Il lavoro di estrazione del rame (Cu) è di \( 5\, \mathrm{eV}\). Questa è l'energia necessaria per rilasciare il primo elettrone:
\[ \Phi = 5 \, \mathrm{eV}\,.\]
Se l'energia cinetica dell'elettrone dopo l'impatto del fotone è di \(2{,}0 \, \mathrm{eV}\), l'energia del fotone deve essere la somma di entrambe:
\[ E_{fotone}= (5 + 2) \, \mathrm{eV} = 7 \, \mathrm{eV} \,.\]
Poiché \(1 \: \mathrm{eV} = 1,6 \times 10^{-19} \, \mathrm{J} \), si ottiene:
\[E_{fotone}= 11,22 \times 10^{-19} \, \mathrm{J}\,. \]
Poiché l'energia del fotone è uguale alla costante di Planck moltiplicata per la frequenza del fotone, possiamo ricavare la fequenza \( \nu\) dalla seguente relazione:
\[ \nu = \frac {E_{fotone}}{h} = \frac{11,22 \times 10^{-19} \, \mathrm{J}}{6,62 \times 10^{-34}\, \mathrm{J} \,\mathrm{ s^{-1}}}= 1,69 \times 10^{15} \, \mathrm{Hz}\,.\]
Per rilasciare un fotoelettrone, è necessario colpire il metallo con fotoni di energia uguale o maggiore del lavoro di estrazione del metallo.

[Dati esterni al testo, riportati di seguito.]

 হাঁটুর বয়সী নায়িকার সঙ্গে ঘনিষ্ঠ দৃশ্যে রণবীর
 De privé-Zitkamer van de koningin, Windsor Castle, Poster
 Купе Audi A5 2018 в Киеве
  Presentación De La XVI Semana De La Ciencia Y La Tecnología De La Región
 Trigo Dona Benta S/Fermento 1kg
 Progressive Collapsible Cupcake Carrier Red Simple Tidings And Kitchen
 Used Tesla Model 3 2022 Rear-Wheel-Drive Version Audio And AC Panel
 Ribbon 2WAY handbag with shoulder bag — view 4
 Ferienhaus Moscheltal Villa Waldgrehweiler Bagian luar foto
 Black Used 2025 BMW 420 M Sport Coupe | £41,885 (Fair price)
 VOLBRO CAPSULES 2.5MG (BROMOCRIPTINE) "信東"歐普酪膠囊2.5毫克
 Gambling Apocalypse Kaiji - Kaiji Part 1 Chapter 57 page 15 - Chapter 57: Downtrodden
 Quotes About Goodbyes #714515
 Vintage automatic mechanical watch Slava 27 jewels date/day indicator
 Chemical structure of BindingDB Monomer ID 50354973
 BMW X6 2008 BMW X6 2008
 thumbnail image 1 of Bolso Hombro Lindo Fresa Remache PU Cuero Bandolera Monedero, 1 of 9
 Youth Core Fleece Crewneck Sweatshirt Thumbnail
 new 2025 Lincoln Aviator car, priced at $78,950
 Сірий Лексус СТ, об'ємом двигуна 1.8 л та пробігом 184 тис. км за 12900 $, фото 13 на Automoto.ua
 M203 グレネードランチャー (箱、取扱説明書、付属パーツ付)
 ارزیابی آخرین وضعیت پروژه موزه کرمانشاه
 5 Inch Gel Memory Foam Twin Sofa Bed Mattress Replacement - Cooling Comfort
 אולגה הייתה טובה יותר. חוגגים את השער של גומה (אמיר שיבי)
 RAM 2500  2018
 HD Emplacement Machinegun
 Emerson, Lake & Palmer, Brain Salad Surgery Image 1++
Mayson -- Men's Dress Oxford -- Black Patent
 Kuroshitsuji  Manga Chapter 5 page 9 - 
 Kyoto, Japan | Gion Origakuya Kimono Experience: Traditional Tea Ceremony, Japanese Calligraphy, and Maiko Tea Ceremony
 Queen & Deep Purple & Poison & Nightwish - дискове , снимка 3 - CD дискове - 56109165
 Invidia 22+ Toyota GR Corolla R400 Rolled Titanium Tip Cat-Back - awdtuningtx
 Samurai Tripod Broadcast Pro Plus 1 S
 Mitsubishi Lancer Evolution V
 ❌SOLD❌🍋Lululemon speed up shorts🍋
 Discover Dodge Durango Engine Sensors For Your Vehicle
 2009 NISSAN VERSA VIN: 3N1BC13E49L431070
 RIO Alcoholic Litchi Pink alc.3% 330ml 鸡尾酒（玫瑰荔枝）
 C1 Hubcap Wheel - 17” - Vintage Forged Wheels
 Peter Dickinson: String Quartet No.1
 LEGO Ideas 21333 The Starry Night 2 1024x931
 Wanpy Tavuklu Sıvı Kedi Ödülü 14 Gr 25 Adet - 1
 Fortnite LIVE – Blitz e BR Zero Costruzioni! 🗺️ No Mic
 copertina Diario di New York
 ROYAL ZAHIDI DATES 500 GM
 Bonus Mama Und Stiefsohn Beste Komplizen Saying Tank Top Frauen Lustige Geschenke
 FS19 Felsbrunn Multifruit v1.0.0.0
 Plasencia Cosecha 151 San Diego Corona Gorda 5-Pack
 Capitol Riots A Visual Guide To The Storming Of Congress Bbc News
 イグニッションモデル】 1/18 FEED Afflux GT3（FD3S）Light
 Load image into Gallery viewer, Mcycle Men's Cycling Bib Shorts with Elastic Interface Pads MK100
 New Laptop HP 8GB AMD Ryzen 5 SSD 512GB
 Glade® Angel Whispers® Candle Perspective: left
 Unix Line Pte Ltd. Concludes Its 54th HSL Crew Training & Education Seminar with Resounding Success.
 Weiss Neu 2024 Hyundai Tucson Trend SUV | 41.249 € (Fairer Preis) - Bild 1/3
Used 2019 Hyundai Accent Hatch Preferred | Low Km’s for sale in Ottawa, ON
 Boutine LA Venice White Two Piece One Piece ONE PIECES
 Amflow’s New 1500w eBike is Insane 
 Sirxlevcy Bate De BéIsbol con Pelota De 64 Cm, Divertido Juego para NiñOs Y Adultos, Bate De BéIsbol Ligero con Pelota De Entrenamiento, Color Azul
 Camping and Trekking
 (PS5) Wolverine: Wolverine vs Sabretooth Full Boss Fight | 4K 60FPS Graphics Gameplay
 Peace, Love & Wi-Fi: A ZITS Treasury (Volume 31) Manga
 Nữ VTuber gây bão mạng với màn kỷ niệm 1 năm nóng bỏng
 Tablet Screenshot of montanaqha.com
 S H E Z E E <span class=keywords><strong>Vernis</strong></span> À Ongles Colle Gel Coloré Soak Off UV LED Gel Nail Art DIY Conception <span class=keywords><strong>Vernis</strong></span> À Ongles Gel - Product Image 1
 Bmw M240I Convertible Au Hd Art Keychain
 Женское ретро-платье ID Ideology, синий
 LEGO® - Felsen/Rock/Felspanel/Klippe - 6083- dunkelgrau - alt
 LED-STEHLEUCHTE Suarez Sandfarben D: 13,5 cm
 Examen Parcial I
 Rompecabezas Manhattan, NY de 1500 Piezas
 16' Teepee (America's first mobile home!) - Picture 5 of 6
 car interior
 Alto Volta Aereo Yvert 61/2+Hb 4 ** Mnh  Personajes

Prima dell'interpretazione di Einstein, si pensava che aumentando l'intensità della radiazione sarebbe aumentata l'energia degli elettroni emessi. Tuttavia, gli esperimenti mostravano che il numero di elettroni emessi variava con l'intensità della radiazione, ma non la loro energia.
La relazione tra l'energia cinetica degli elettroni emessi e la frequenza della radiazione mostra che l'energia dei fotoni è direttamente proporzionale alla loro frequenza.
Fig. 1 - Photoelectric_effect_in_a_solid_-_diagram.svg (https://commons.wikimedia.org/wiki/File:Photoelectric_effect_in_a_solid_-_diagram.svg) by Ponor is licensed by CC BY-SA 4.0 (https://creativecommons.org/licenses/by-sa/4.0/deed.en)
L'effetto fotoelettrico è un fenomeno che descrive l'emissione di elettroni da una piastra metallica quando quest'ultima è colpita da radiazione elettromagnetica.
Nel 1905, Einstein diede a questo fenomeno l'interpretazione corretta, ipotizzando che la luce fosse composta da particelle discrete con quantità fisse di energia, chiamate fotoni.
L'energia di un fotone è uguale alla costante di Planck h moltiplicata per la frequenza della razdiazione ν: E = h ν.